GIVEN ENTRIES:
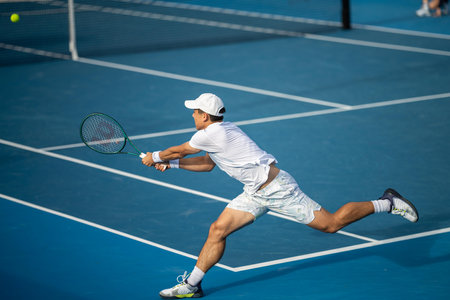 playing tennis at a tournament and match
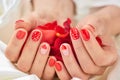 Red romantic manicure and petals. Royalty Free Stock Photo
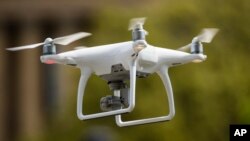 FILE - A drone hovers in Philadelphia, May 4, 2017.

* * *

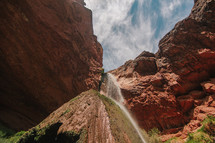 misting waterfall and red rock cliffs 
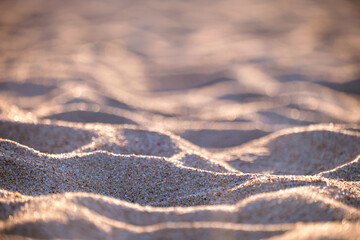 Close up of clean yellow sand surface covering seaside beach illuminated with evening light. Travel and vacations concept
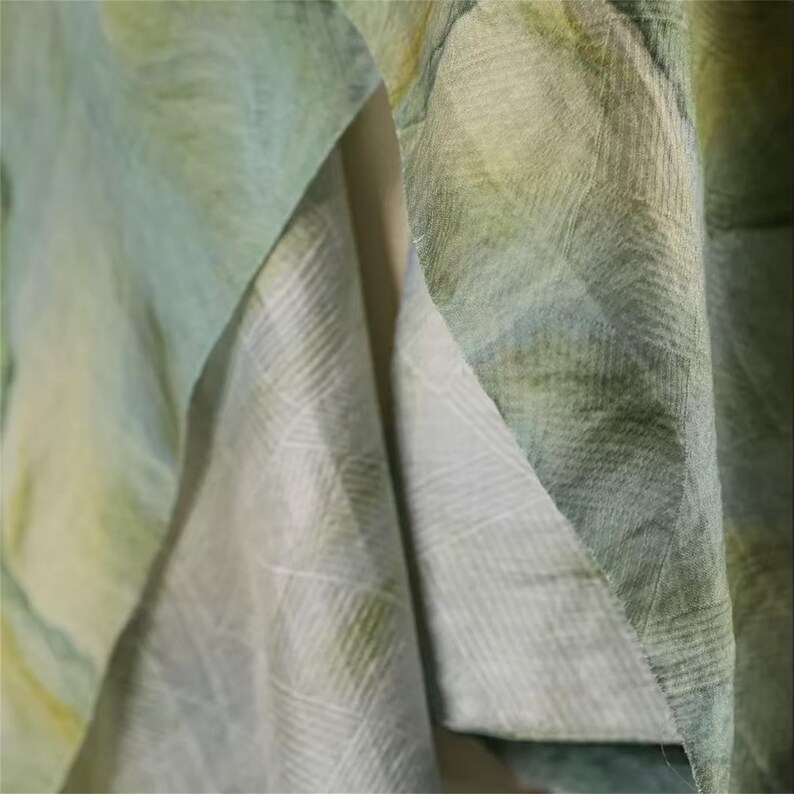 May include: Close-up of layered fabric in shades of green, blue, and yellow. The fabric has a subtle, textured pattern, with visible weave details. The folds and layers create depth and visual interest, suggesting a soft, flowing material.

TASK STATEMENT:
Look above for the line with "Red romantic manicure" and copy exactly from it through the line with "FILE - A drone", both included. Omit the pictures.

RESPONSE TO THE TASK:
 Red romantic manicure and petals. Royalty Free Stock Photo
 FILE - A drone hovers in Philadelphia, May 4, 2017.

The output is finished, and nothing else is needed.